Des recherches révolutionnaires suggèrent que la transplantation de microbiote fécal (FMT) peut améliorer considérablement les résultats pour les patients atteints de cancer qui ne répondent pas aux traitements d’immunothérapie standard. Un petit essai clinique axé sur des patients atteints d’un cancer du rein a révélé que ceux qui recevaient des greffes de selles d’individus ayant répondu avec succès aux inhibiteurs de points de contrôle présentaient une stabilisation tumorale plus longue et des taux de rétrécissement tumoral plus élevés par rapport à un groupe placebo.
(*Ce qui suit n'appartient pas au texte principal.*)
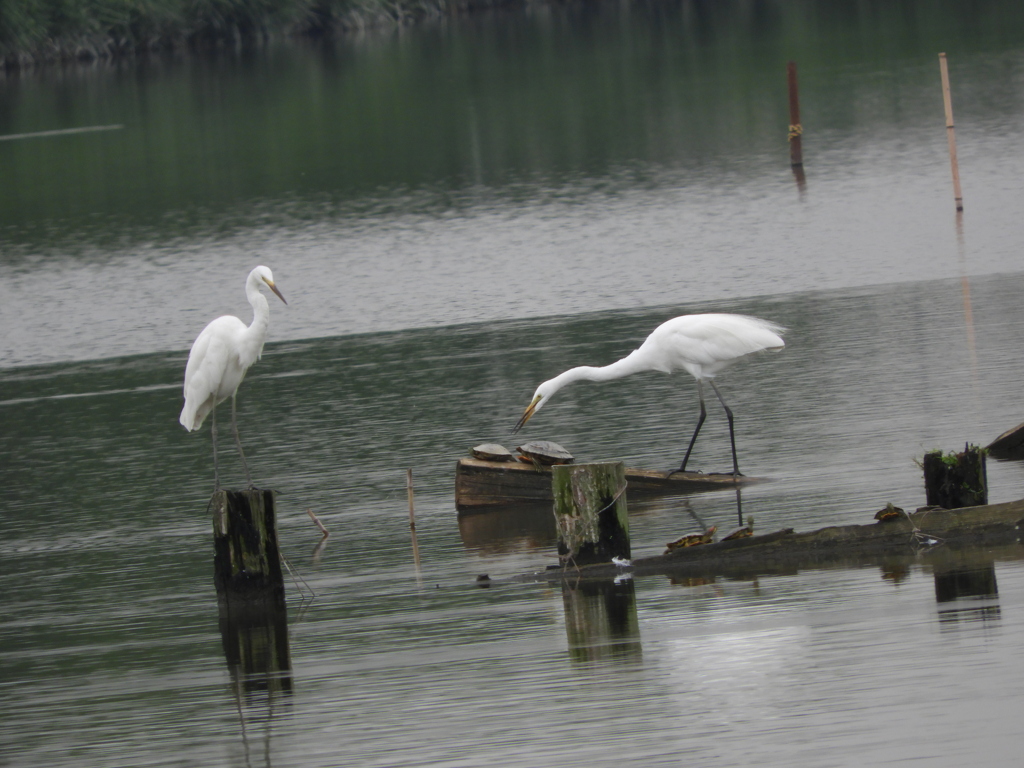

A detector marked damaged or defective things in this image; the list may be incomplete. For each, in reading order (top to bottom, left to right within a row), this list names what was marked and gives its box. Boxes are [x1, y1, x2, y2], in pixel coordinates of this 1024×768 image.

rusty metal pole [788, 60, 804, 166]
rusty metal pole [940, 53, 964, 212]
La connexion intestin-cancer
Le microbiome intestinal – la communauté de bactéries vivant dans le système digestif – est devenu un facteur essentiel du succès du traitement du cancer. Les médicaments d’immunothérapie, appelés inhibiteurs de points de contrôle, s’appuient sur le système immunitaire pour détruire les cellules cancéreuses, mais ces médicaments ne sont pas universellement efficaces. Des études suggèrent que la composition des bactéries intestinales influence directement la fonction immunitaire, expliquant potentiellement pourquoi certains patients réagissent alors que d’autres ne le font pas. L’hypothèse est simple : la modification du microbiome peut renforcer l’immunité et améliorer la capacité de l’organisme à combattre le cancer.
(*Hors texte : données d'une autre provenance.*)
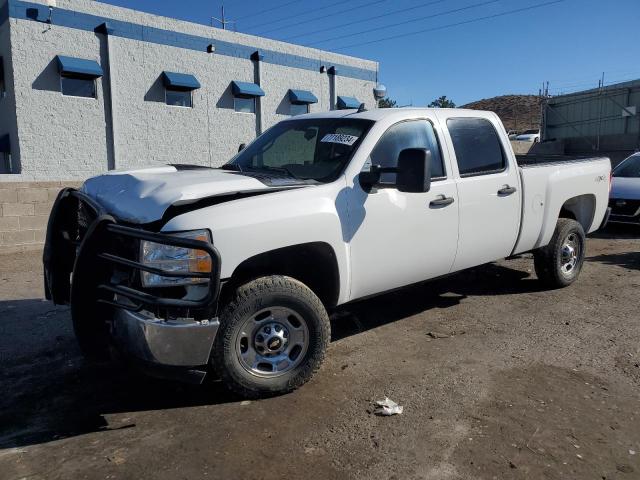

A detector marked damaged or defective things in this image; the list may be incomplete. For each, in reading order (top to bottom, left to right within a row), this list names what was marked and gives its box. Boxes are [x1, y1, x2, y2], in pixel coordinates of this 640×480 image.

front end damage [43, 188, 222, 382]
cracked headlight [140, 230, 212, 286]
Détails et résultats de l’essai
Des chercheurs de l’Université catholique du Sacré-Cœur de Rome, en Italie, ont recruté 45 adultes atteints d’un cancer du rein et déjà traités par pembrolizumab et axitinib. Les participants ont été répartis au hasard pour recevoir soit une greffe de selles provenant d’un patient en rémission de cancer, soit une solution saline (placebo) administrée via un petit tube dans le gros intestin. Les doses suivantes ont été administrées par voie orale sous forme de pilule.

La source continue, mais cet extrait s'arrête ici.